**What needs to be done:** Within the entries below, find the portion that opens with the line containing "VISIT SPAIN +" and closes with the line containing "3pcs Animal Aesthetic". Retype that portion exactly and only.

**Records supplied:**

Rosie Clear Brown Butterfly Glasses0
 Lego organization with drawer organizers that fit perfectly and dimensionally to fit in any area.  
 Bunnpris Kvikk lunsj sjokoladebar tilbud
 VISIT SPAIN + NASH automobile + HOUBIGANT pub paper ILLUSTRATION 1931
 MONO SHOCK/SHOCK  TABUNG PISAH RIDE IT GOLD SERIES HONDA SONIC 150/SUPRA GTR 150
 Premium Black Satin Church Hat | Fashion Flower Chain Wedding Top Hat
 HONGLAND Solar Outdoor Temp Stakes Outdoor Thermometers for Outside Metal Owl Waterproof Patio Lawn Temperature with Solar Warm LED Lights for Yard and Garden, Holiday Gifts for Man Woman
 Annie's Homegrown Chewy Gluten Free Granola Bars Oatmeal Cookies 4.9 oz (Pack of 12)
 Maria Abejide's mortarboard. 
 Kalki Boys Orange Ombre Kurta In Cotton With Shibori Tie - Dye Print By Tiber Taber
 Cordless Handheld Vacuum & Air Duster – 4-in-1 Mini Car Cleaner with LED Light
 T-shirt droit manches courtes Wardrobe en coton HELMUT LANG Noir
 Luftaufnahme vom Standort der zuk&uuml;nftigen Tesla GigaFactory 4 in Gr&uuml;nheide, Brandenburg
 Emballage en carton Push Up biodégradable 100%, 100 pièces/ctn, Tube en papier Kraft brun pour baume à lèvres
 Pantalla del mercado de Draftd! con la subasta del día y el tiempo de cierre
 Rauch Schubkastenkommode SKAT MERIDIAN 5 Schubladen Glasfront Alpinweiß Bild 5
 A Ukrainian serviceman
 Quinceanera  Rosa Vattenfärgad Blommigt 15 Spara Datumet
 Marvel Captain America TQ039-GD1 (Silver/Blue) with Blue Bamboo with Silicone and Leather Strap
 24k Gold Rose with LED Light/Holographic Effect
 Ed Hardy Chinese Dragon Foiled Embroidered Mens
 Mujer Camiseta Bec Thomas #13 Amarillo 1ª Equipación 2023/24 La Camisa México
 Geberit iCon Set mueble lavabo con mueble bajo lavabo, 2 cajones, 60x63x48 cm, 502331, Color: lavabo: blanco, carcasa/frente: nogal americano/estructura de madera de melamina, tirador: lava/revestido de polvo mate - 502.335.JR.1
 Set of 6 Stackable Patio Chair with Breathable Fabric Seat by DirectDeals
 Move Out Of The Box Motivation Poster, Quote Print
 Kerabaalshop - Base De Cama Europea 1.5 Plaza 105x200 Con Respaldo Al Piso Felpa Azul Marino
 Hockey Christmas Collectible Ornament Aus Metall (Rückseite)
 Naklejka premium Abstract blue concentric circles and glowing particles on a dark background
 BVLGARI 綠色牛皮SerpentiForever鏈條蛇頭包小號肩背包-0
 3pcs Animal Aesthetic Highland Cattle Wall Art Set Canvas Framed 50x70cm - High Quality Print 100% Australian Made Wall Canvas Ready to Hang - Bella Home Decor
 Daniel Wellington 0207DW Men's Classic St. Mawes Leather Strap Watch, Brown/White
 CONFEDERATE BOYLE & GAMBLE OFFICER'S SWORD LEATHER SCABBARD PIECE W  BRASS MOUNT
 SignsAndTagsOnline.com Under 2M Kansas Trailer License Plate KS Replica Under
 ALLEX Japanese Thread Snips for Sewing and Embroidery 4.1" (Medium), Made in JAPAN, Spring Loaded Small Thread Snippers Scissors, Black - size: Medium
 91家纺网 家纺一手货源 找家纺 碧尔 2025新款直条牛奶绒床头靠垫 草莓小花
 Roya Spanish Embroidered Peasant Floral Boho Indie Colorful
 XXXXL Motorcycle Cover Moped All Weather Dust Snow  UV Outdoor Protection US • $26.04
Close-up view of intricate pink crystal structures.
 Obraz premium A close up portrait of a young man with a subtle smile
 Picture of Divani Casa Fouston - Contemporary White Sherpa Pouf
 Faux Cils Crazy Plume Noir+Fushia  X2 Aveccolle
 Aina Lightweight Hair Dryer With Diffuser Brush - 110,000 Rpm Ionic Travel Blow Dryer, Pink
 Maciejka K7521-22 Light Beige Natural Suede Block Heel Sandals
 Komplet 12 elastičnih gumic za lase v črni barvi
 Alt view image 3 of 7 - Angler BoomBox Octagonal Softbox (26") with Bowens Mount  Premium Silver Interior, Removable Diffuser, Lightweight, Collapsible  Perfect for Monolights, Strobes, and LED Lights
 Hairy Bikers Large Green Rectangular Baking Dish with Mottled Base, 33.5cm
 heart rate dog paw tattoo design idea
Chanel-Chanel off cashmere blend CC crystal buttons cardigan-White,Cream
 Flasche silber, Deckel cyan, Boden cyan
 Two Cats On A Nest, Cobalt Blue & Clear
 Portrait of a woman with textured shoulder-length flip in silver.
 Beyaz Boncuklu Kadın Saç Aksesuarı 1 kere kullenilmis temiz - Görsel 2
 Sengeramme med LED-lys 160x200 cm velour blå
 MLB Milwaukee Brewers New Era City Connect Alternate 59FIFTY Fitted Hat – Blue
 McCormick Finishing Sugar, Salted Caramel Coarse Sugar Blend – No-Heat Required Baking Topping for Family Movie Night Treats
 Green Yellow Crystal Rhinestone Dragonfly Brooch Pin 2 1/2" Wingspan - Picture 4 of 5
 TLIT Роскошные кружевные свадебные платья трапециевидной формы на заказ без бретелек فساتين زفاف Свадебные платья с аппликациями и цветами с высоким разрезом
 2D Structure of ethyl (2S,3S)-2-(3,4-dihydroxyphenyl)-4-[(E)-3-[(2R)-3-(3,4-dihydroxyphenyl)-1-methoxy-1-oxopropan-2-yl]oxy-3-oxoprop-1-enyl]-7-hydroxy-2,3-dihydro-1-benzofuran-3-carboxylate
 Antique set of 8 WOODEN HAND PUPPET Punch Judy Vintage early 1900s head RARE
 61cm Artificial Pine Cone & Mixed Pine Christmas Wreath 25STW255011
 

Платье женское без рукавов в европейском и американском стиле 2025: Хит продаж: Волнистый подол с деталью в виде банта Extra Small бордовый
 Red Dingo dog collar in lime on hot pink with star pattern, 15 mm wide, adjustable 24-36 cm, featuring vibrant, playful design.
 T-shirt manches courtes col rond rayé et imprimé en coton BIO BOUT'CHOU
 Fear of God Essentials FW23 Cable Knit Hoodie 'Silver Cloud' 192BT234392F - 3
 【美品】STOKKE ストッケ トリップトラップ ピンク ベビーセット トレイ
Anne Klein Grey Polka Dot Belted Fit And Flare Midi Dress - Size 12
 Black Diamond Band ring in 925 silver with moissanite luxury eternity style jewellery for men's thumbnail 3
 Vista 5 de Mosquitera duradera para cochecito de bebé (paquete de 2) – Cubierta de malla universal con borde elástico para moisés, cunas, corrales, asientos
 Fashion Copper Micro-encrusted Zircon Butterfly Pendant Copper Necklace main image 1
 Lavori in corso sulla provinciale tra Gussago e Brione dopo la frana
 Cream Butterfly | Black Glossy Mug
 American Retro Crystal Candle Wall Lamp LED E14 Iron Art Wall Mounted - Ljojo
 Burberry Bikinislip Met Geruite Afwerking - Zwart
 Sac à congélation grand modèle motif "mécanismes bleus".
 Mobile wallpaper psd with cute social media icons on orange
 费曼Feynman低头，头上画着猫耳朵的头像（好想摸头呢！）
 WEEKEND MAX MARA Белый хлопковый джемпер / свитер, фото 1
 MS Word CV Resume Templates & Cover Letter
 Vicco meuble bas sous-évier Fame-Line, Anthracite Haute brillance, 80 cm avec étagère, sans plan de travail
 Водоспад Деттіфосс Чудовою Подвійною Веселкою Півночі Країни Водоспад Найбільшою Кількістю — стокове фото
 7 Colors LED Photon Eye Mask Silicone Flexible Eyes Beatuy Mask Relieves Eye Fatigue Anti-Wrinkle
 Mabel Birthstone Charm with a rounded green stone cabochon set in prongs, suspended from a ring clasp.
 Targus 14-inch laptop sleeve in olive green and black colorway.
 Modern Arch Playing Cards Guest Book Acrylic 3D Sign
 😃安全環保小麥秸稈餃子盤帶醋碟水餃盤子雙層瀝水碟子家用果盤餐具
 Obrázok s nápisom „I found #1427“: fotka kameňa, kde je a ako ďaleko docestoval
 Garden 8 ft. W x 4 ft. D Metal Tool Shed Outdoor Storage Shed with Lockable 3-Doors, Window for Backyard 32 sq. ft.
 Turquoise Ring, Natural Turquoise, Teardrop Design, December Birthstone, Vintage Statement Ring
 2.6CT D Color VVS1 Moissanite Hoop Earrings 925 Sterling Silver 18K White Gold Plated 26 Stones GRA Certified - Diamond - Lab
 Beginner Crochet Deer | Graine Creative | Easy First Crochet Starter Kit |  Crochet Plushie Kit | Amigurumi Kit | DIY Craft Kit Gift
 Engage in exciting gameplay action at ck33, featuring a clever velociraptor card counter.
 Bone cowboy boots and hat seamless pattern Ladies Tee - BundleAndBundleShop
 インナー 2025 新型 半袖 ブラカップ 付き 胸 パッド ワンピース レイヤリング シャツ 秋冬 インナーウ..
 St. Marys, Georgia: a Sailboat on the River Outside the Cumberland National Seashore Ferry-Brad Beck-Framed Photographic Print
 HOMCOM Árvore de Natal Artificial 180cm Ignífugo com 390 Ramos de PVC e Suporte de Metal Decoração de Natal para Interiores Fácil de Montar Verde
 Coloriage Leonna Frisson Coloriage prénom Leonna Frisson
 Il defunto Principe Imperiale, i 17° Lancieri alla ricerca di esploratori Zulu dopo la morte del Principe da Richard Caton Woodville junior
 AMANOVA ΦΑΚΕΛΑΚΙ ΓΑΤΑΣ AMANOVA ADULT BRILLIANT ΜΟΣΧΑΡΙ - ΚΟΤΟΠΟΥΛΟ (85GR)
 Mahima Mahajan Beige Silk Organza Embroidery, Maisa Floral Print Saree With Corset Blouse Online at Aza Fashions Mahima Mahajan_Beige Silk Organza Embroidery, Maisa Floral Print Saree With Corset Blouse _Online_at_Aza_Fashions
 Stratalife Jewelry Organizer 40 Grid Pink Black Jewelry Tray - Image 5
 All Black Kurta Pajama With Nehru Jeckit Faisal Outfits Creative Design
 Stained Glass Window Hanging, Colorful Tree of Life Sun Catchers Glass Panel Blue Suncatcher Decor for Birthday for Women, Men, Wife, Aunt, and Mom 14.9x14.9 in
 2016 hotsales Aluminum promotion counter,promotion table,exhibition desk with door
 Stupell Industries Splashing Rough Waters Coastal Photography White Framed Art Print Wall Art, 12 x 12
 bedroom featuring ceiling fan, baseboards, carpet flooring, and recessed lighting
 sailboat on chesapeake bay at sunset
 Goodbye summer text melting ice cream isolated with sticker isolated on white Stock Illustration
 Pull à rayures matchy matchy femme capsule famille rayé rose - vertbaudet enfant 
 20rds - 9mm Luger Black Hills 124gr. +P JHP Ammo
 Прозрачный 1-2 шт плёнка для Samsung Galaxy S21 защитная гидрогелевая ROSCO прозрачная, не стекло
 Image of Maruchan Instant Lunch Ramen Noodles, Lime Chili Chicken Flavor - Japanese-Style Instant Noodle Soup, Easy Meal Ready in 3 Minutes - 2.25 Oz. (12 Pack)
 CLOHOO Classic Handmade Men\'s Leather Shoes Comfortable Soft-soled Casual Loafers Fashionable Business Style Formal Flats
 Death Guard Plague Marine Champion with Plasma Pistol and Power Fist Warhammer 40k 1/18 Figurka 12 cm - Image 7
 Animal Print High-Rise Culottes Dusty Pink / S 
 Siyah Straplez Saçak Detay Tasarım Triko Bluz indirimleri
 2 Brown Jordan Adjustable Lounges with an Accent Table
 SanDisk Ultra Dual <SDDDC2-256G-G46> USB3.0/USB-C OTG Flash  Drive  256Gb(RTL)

**Response area:**
 VISIT SPAIN + NASH automobile + HOUBIGANT pub paper ILLUSTRATION 1931
 MONO SHOCK/SHOCK  TABUNG PISAH RIDE IT GOLD SERIES HONDA SONIC 150/SUPRA GTR 150
 Premium Black Satin Church Hat | Fashion Flower Chain Wedding Top Hat
 HONGLAND Solar Outdoor Temp Stakes Outdoor Thermometers for Outside Metal Owl Waterproof Patio Lawn Temperature with Solar Warm LED Lights for Yard and Garden, Holiday Gifts for Man Woman
 Annie's Homegrown Chewy Gluten Free Granola Bars Oatmeal Cookies 4.9 oz (Pack of 12)
 Maria Abejide's mortarboard. 
 Kalki Boys Orange Ombre Kurta In Cotton With Shibori Tie - Dye Print By Tiber Taber
 Cordless Handheld Vacuum & Air Duster – 4-in-1 Mini Car Cleaner with LED Light
 T-shirt droit manches courtes Wardrobe en coton HELMUT LANG Noir
 Luftaufnahme vom Standort der zuk&uuml;nftigen Tesla GigaFactory 4 in Gr&uuml;nheide, Brandenburg
 Emballage en carton Push Up biodégradable 100%, 100 pièces/ctn, Tube en papier Kraft brun pour baume à lèvres
 Pantalla del mercado de Draftd! con la subasta del día y el tiempo de cierre
 Rauch Schubkastenkommode SKAT MERIDIAN 5 Schubladen Glasfront Alpinweiß Bild 5
 A Ukrainian serviceman
 Quinceanera  Rosa Vattenfärgad Blommigt 15 Spara Datumet
 Marvel Captain America TQ039-GD1 (Silver/Blue) with Blue Bamboo with Silicone and Leather Strap
 24k Gold Rose with LED Light/Holographic Effect
 Ed Hardy Chinese Dragon Foiled Embroidered Mens
 Mujer Camiseta Bec Thomas #13 Amarillo 1ª Equipación 2023/24 La Camisa México
 Geberit iCon Set mueble lavabo con mueble bajo lavabo, 2 cajones, 60x63x48 cm, 502331, Color: lavabo: blanco, carcasa/frente: nogal americano/estructura de madera de melamina, tirador: lava/revestido de polvo mate - 502.335.JR.1
 Set of 6 Stackable Patio Chair with Breathable Fabric Seat by DirectDeals
 Move Out Of The Box Motivation Poster, Quote Print
 Kerabaalshop - Base De Cama Europea 1.5 Plaza 105x200 Con Respaldo Al Piso Felpa Azul Marino
 Hockey Christmas Collectible Ornament Aus Metall (Rückseite)
 Naklejka premium Abstract blue concentric circles and glowing particles on a dark background
 BVLGARI 綠色牛皮SerpentiForever鏈條蛇頭包小號肩背包-0
 3pcs Animal Aesthetic Highland Cattle Wall Art Set Canvas Framed 50x70cm - High Quality Print 100% Australian Made Wall Canvas Ready to Hang - Bella Home Decor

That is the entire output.